I plan on starting the playhouse this weekend. I got all the lumber delivered today. Since the weather isn't looking great for the next two days, I'll probably just do a lot of measuring, marking and cutting of wood. I'm also going to try to prep the site where the playhouse will go.

With the exception of paint, hinges, tar paper, LP smart trim and door latches, I have already purchased everything I need. I'm big on having lots of various size and finish fasteners on-hand. So I'm basically all set with screws and nails. Total bill thus far: already right around $1,000. It was about $400 from the lumber yard for the majority of the lumber. Another $300 for 8 sheets of LP Smartside panels (the lumber yard didn't carry that, but I really wanted it, and the shed in my yard used that stuff. I had to order it from Home Depot, but they charge $65 for delivery…jerks). About $200 for two bundles of 30 year dimensional roofing shingles, and a bundle of matching ridge caps (I bought the same shingles that we have on our house so the playhouse will roughly coordinate with our house. Our shed has the same shingles too), and about $90 for two pre-fab aluminum shed windows and a vented skylight. I figure I'm still looking at another $300 or so all said and done. Not cheap, but still cheaper than the pre-made kits of comparable design. And I know the construction will be rock solid.

Here's all the lumber dropped off in my driveway this afternoon. The LP panels are off to the left.










I had to bring it all into the garage/shop after I got home from work. All the treated stuff is in the back on top of the table saw.

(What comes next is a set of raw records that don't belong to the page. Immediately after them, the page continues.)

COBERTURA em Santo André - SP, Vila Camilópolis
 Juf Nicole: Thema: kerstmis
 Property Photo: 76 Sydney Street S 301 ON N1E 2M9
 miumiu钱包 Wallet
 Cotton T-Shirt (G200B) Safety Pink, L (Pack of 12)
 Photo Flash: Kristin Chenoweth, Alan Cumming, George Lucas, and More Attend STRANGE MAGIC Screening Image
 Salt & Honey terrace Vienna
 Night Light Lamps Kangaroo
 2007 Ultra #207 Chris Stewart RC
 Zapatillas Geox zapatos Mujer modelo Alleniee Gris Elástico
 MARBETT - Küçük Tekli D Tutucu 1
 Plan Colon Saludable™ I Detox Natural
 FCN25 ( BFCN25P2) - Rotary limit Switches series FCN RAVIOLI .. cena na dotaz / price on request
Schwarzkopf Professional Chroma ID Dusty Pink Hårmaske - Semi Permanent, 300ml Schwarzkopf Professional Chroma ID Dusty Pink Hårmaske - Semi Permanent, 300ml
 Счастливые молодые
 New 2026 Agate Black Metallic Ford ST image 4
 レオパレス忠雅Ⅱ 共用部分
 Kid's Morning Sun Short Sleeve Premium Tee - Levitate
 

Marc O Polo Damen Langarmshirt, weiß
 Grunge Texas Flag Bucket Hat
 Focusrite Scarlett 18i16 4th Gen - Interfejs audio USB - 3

The non-treated stuff is up front.










Lumber list:
70 - 8' lengths of 2×4s
2 - 4×8 sheets of 3/4" T&G subfloor
3 - 4×8 sheets of 1/2" CDX roof sheathing
8 - 4×8 sheets of 3/8" LP Smartside panels
10 - 8' lengths of treated 2×4s
And about a dozen miscellaneous lengths of treated and non-treated 2x's and 4x's

Given the dimensions of the playhouse, I'm going to unfortunately have A LOT of big cut-offs. The walls are going to be 4 1/2' high, so there will be lots of 3 1/2' long cut-off 2×4 pieces. Same thing with the roof joists: they will have close to 3' long cut-offs. So I'm going to have lots of left over pieces of 2×4s after this project. I'll have to come up with something good to do with them.


----------



## Eagle1 (Jan 4, 2010)

AndyPanko said:


> *Bought the Materials*
> 
> I plan on starting the playhouse this weekend. I got all the lumber delivered today. Since the weather isn't looking great for the next two days, I'll probably just do a lot of measuring, marking and cutting of wood. I'm also going to try to prep the site where the playhouse will go.
> 
> ...


Great start. Can't wait till I will be able to see the final pics..


----------



## derosa (Aug 21, 2010)

AndyPanko said:


> *Bought the Materials*
> 
> I plan on starting the playhouse this weekend. I got all the lumber delivered today. Since the weather isn't looking great for the next two days, I'll probably just do a lot of measuring, marking and cutting of wood. I'm also going to try to prep the site where the playhouse will go.
> 
> ...


Hate to point this out but you should have spent the extra on 10' or 12' 2×4s and cut them all in half. Would have saved a lot overall. Instead of a 3.5' cutoff you have two wall joists and a 1' cut off from a 10fter.


----------



## AndyPanko (Jan 16, 2012)

*Site Preparation and Building the Floor*

The playhouse is going to go in an unused corner of our yard. There is currently a little tree and a couple of bushes in that corner. I'm going to keep the tree and one bush, but relocate the other bush. All of the landscaping in that corner was put in new a few years ago. But the bush that is getting transplanted never really did well there. So maybe it will be better off somewhere else anyway.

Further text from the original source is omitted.